Grüne Sparpolitiker in der Defensive

Wirtschaftspolitiker Schulz verteidigt Haushaltskonsolidierung gegen Umweltminister Trittin, der höhere Neuverschuldung nicht ausschließt. Kritik an der Wachstumspolitik. Vorschlag für Schröders Regierungserklärung: Krankengeld privatisieren

„Weniger Zuwachs für mittlere und höhere Gehaltsgruppen“

von HANNES KOCH

Vor der morgigen Regierungserklärung von Bundeskanzler Gerhard Schröder haben die Grünen ihre Vorstellung zur Reform der Sozialversicherung konkretisiert. Leistungen der Krankenkassen für Unfälle und Zahnersatz sollten nicht eingeschränkt werden, hieß es. Um die Beiträge zur gesetzlichen Krankenkasse zu reduzieren, könnte stattdessen das Krankengeld durch eine private Zusatzversicherung abgedeckt werden, erklärte die grüne Fraktionschefin Krista Sager.

Heute Abend treffen sich die Spitzen von Grünen und SPD im Koalitionsausschuss, wobei der kleinere Koalitionspartner letzte Anregungen für die Rede Schröders am Freitag im Bundestag geben will. Sager: „Wir erwarten, dass der Kanzler einen starken Akzent auf die Senkung der Lohnnebenkosten setzt.“ Nach Sagers Worten plädieren grüne Experten in diesem Zusammenhang dafür, das Krankengeld aus der gesetzlichen Versicherung herauszunehmen. „Unsere Fachleute sagen, dass es beim Krankengeld die wenigsten Abgrenzungsprobleme gibt“, so Sager. Krankengeld erhalten Beschäftigte von ihrer Versicherung, wenn sie länger als sechs Wochen krank sind. Sager plädierte weiterhin für Flexibilisierungen beim Kündigungsschutz und ein Investitionsprogramm zur Stützung der Konjunktur. Dieses dürfe allerdings „nicht im Widerspruch zur nachhaltigen Finanzpolitik stehen“, erklärte die Fraktionsvorsitzende.

Damit spielte Sager auf eine Auseinandersetzung zwischen dem wirtschaftspolitischen Sprecher der grünen Fraktion, Werner Schulz, und Bundesumweltminister Jürgen Trittin (Grüne) an. Schulz hat sich in einem Positionspapier gegen „Wachstumsförderung auf Pump“ ausgesprochen. „Ein Investitionsprogramm für die Kommunen kommt nur dann in Betracht, wenn die Mittel an anderer Stelle erwirtschaftet werden können“, so Schulz.
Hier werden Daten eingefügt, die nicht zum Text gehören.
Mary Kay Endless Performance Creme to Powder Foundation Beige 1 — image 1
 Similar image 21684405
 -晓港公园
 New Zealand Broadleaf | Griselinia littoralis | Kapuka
Dagegen hat Trittin in einem Beitrag für die taz (11. März) erklärt, dass Deutschland sich unter bestimmten Bedingungen „von der Priorität der Haushaltskonsolidierung verabschieden“ müsse.

Die Auseinandersetzung zwischen Trittin und Schulz ist Ausdruck einer Verschiebung der politischen Gewichte innerhalb der grünen Fraktion. Die Anhänger des Konsolidierungskurses, neben Schulz auch Finanzexpertin Christine Scheel und der Nachwuchs-Abgeordnete Alexander Bonde, sehen sich in der Defensive. Nachdem Rot-Grün vier Jahre wie ein Mann hinter Bundesfinanzminister Hans Eichel (SPD) stand und die Reduzierung der jährlichen Neuverschuldung unter 3 Prozent des Bruttoinlandsprodukts als oberstes Ziel verfolgte, stellen Konjunkturdelle und drohender Irakkrieg dieses haushaltspolitische Projekt nun in Frage. Bundeskanzler Schröder wird morgen ein öffentliches Investitionsprogramm präsentieren, das ohne zusätzliche Schulden kaum zu finanzieren ist.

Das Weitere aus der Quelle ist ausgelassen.